• _Source data_:

..........

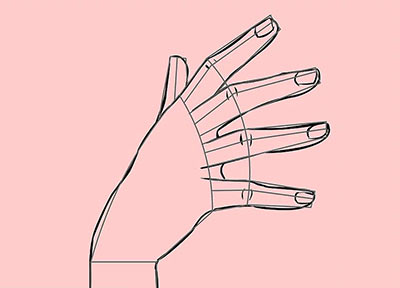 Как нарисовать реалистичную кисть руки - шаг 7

..........

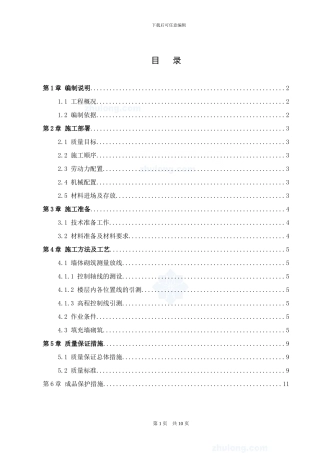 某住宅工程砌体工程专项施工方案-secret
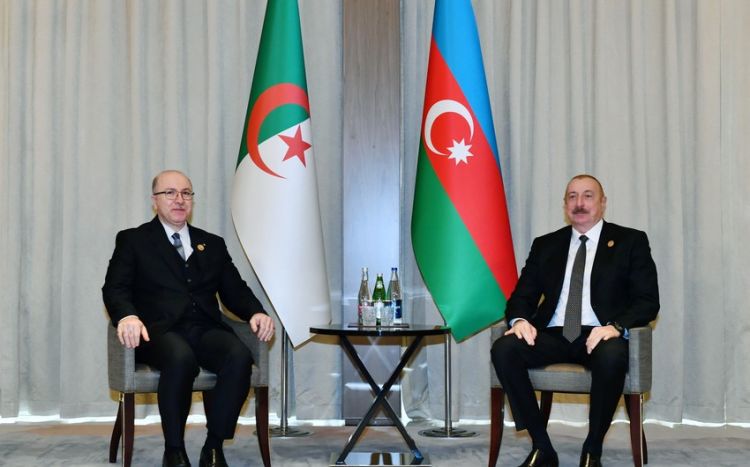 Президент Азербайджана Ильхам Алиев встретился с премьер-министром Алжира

..........

• _Requirement_:
I would like the exact lines from the data above, starting with the one that holds "某住宅工程砌体工程专项施工方案-secret" and going on through the one that holds "Президент Азербайджана Ильхам", without the pictures.

• _Response to the exercise_:
 某住宅工程砌体工程专项施工方案-secret
 Президент Азербайджана Ильхам Алиев встретился с премьер-министром Алжира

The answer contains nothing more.